Jake seemed apologetic. “His helmet breaks a lot,” he said. “Don’t worry. We’re not going to be here very long. Chaz is obsessed with Selena Gomez, and he read that she eats here sometimes, so he’s scoping it out.”

“How romantic,” Max said, peering around at Chaz trying to use his car key to slice a hole in the knee of his two-hundred-dollar True Religions. “What should I get for them? We only serve locally sourced organic teas and tisanes.”

“What’s a tisane?” Jake asked.

“I have no idea,” Max confessed.

“I’ll just tell Chaz it’s organic Gatorade,” he said, slapping some bills onto the counter. “Keep the change.”

As Jake headed off to join his teammates, Max allowed herself a tiny smile. Despite the fact that she’d been crushing on him for years, Jake hadn’t even learned her name until after she’d given him a pep talk before last fall’s school production of My Fair Lady. Now, if they weren’t quite friends, they were definitely friends-adjacent. Which made Max feel slightly less pathetic. There was nothing more obvious than the spunky, unpopular girl having the hots for the quarterback. But secretly liking one of your friends (adjacent)? Way less like the plot of an old Freddie Prinze Jr. movie.

Max rang Jake’s purchase through the register and put his change in the tip jar. She let her hand linger a second, wishing she could stuff the generous twelve-dollar surplus in her pocket. Despite working nearly every day after school and every Saturday for the last four months, she was still well short of what she needed for NYU. But everyone at Fu’d split tips—well, unless you were Dennis. Last week, when that bony girl from Frigid Valley had come in, Max sold her a plate of carrots and then watched as the girl did nothing but stare at it for ten minutes before slapping a Benjamin on the table and announcing that she was stuffed. Dennis had swiped the bill without a word. Two hours later, Max was at the In-N-Out drive-thru sinking her teeth into her first cheeseburger in six years. It was delicious. It tasted like spite.

“Kermit!” Chaz yelled. “What’s taking so long? It’s just a Coke, dude.”

Dennis burst out of the kitchen and poked Max hard in the back.

“What did you do?” he demanded. “Never mind—I don’t want to hear it. Just go clean out the grease traps in the tofunnator. Now.”

Chaz made the “Oooooh” sound universal to high school boys who liked getting people in trouble. Max wanted to protest, but fighting with Dennis was always a losing battle. With a deep breath, she shoved her way into the kitchen. The smell of body odor, stale tofu, and lemon Pine-Sol hit her in the face so hard she broke into a coughing fit.

NYU. NYU. NYU.

It wasn’t working.

two

The warm gun lay next to her body. Blood streaked toward the front door, which was locked from the inside. As Ileana struggled to sit up, she realized two things: She hadn’t shot the gun, and she wasn’t bleeding. And she was in a story I don’t know how to finish. So, three things.

Max smacked the delete key and leaned back in her chair, picking at the stud in her upper ear.

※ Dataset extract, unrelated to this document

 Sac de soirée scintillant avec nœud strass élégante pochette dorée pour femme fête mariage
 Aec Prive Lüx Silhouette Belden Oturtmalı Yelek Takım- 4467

“Ooooh, I like this one. It’s for a ‘bookeeper’ with great communication skills,” said Molly with a snicker from across the room. (After the day’s disastrous shift, Max had called her over for an emergency job-hunting session.) “What this woman actually needs is a proofreader, although I love the idea of you running around locking up all her old boyfriends.”

Max grunted.

Mack Duncan stared at the spleen on the floor. It looked like a giant slug and smelled like it had been cooking in the heavy South Florida heat for about a week and oh my God this was on CSI: Miami last week and it ended with him saying “a murder most ob-spleen” aaaaaaaaaaargh

The application wasn’t due until May—the program’s founder was a Colby-Randall alum who mandated that a spot be held each year for a student of his alma mater’s choosing—but Max had been trying for weeks now to churn out a good writing sample. Applicants for New York University’s creative writing apprenticeship program will submit an original work or essay of no fewer than three thousand words, demonstrating the ability to develop compelling characters, plot, and tone, the instructions read. So far, Max had started, and erased, about thirteen stories whose characters, plot, and tone made her want to puke all over her keyboard. It was so much easier writing stuff for school or scribbling bits and pieces in her spiral-bound notebooks, piles of which were shoved under her bed for posterity (or to give everyone something really amusing to do at her funeral, when she was too dead to be mortified). But this was the first thing she’d ever written that actually counted for something, beyond a letter grade scrawled on the corner of the page next to another one of Ms. Perkins’s stains of dubious origin. The last one smelled like Thai curry.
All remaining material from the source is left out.